4. Weak Software /Firmware /Malware
The inability of a device to be updated periodically poses a security weakness of its own kind. Devices should have the necessary capability to be updated or self-update when vulnerabilities are discovered. The software/firmware updates can be rendered ineffective and deemed insecure when the updated files and the network connection they are delivered on are not protected. They can also be insecure if they contain hardcoded sensitive data such as credentials. The inability of software/firmware being updated means that the devices remain vulnerable indefinitely to the security issue that an update was meant to address and fix. Furthermore, if the devices have on them some or any form of hardcoded sensitive credentials, and if these credentials see the light of day, they then obviously remain insecure for an indefinite period of time, till they are updated once again. The scenario that leads to such an occurrence could be as simple as that encryption not used to fetch updates, or perhaps the update was not verified before uploading the same. In some cases, you could also have firmware containing sensitive information leading to a weak front.
Solutions
When faced with weak front issues, one can strengthen the same by ensuring that the device has the ability to update, which is of critical importance. You should always ensure that the update file is encrypted using acceptable encryption methods only. An encrypted connection to transmit an updated file also goes a long way in securing oneself against such threats and that the update file does not expose sensitive data and also that the update is signed and verified before allowing the update to be uploaded and applied to the smart device or its components, doing all this through an updated secure server cloud or otherwise.
As for IoT, it has just arrived with all the fanfare and is certainly here to stay. Gartner predicts, that by 2020, the Internet of Things will be made up of 26 billion “units.” And while having said that all the countermeasure or control and mitigation mechanisms will amount to nothing if the manufactures of IoT devices do not take them into consideration while designing of installing their wares.
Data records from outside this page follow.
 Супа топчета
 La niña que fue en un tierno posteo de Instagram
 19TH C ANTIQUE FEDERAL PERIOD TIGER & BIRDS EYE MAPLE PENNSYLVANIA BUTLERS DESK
While dealing with IoT a few things like conducting a periodic security review of your devices to determine any vulnerabilities or weak links in the system and document the implementation of the minimum security standards for all devices and one can never understate the vitality of ensuring security right as an integral part in the process of product development right at its drawing board stage so that security is embedded at the heart of all technologies developed henceforth.